Set up the MLContext, load the dataset, and build a data processing pipeline.

using System;
using Microsoft.ML;
using Microsoft.ML.Data;

class Program
{
    static void Main()
    {
        // 1. Initialize ML.NET environment
        var mlContext = new MLContext();

        // 2. Load data
        string dataPath = "housing-data.csv"; // File with columns: Size, Price
        IDataView dataView = mlContext.Data.LoadFromTextFile<HouseData>(
            path: dataPath,
            separatorChar: ',',
            hasHeader: true
        );

        // 3. Split data into training and testing sets
        var dataSplit = mlContext.Data.TrainTestSplit(dataView, testFraction: 0.2);
        var trainingData = dataSplit.TrainSet;
        var testData = dataSplit.TestSet;

        // 4. Build data processing pipeline and model
        var pipeline = mlContext.Transforms.Concatenate("Features", "Size")
            .Append(mlContext.Regression.Trainers.Sdca(labelColumnName: "Price", maximumNumberOfIterations: 100));

3. Train the Model

Train the model using the training dataset, using pipeline.Fit()

     // Train the model
        Console.WriteLine("Training the model...");
        var model = pipeline.Fit(trainingData);

4. Evaluate the Model

Evaluate the model’s performance using the test dataset.
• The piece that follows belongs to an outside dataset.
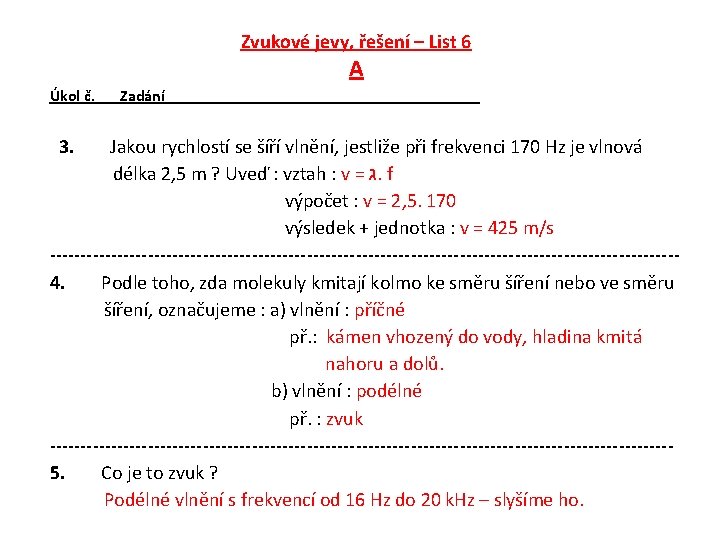 Zvukové jevy, řešení – List 6 A Úkol č. 3. Zadání Jakou rychlostí se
      // Evaluate the model
        Console.WriteLine("Evaluating the model...");
        var predictions = model.Transform(testData);
        var metrics = mlContext.Regression.Evaluate(predictions, labelColumnName: "Price");

        Console.WriteLine($"R-Squared: {metrics.RSquared}");
        Console.WriteLine($"Root Mean Squared Error: {metrics.RootMeanSquaredError}");

5. Make Predictions

Use the trained model to make predictions on new data.


        // Use the model for predictions
        var predictionEngine = mlContext.Model.CreatePredictionEngine<HouseData, Prediction>(model);

        var sampleHouse = new HouseData { Size = 1200f };
        var prediction = predictionEngine.Predict(sampleHouse);

        Console.WriteLine($"Predicted Price for house of size {sampleHouse.Size} sq ft: {prediction.Score:C}");

6. Save and Load the Model

Save the model to disk for future use.


      // Save the model
        string modelPath = "house-price-model.zip";
        mlContext.Model.Save(model, trainingData.Schema, modelPath);
        Console.WriteLine($"Model saved to {modelPath}");

You can later load the saved model as follows:

ITransformer loadedModel = mlContext.Model.Load("house-price-model.zip", out var inputSchema);

Output

When you run this program with a sample dataset, you’ll see the following:

  • Model evaluation metrics (e.g., R-Squared, RMSE).
  • Predictions for a new input data point.